Tengiz has its own sour gas injection program that will operate at an even higher pressure of 9,000 psi.
ENI and its partners have watched and learned some important lessons from these other fields.
When Kashagan eventually comes onstream, facilities at the onshore terminal will be ready to deal with all incoming H2S until production rates have grown to 150,000 b/d of oil. The sulphur produced will go to a buffer storage zone with the emphasis to be on selling it.
Re-injection is then an option to be used possibly within the first year, depending on how the field’s wells behave individually. The sour gas injection program for the field is likely to be at around 11,000 psi.
Even this, however, will not remove all the sulphur produced, and so the operator is still weighing up other alternatives including disposing of it in old open-pit mines or perhaps in permanently covered storage below ground.

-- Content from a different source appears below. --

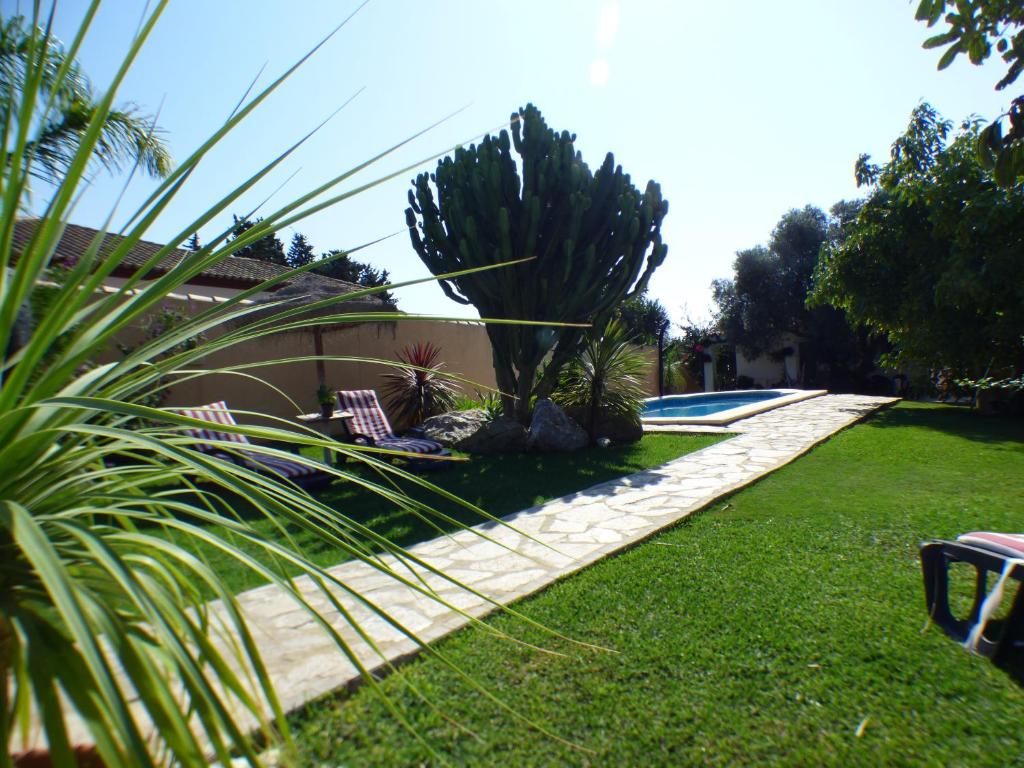 Fotografia z galérie ubytovania Rural house with private pool, new and beautiful garden v destinácii Conil de la Frontera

Long term, the solution remains to find a n ew technology breakthrough allowing the field’s gas to be sweetened offshore and the produced H2S to be pumped right back below ground immediately afterwards.
So although further delays are unlikely to be officially welcome, any added time would further serve to allow the participants to optimize the development not only of Kashagan but also of other fields in the North Caspian PSA area. These fields, Kashagan South West, Kalamkas (two wells are planned for drilling between now and 2008), Aktote (undergoing appraisal studies) and Kairan (the Kairan-2 well is in progress), are all being separately appraised as we speak.
But adopting a “wait and see” strategy is likely to serve ENI well, especially as the very real environmental concerns have caused the Kazakh Energy Ministry to kick off a new study to assess the impact of both existing and future offshore oil and gas developments on the fragile environment of the shallow northern portion of the Caspian Sea.
Conducting any pioneering mega-development in a frontier offshore area always produces several false starts and dummy runs. That has happened around the world throughout previous decades with large scale/large expenditure projects, from the North Sea’s Brent field to Qatar’s North Field and several currently coming or recently come to fruition in deepwater off West Africa.
But when Kashagan eventually starts to flow – which it surely will – then Kazakhstan’s offshore sector will suddenly be transformed from a provincial backwater into an offshore powerhouse.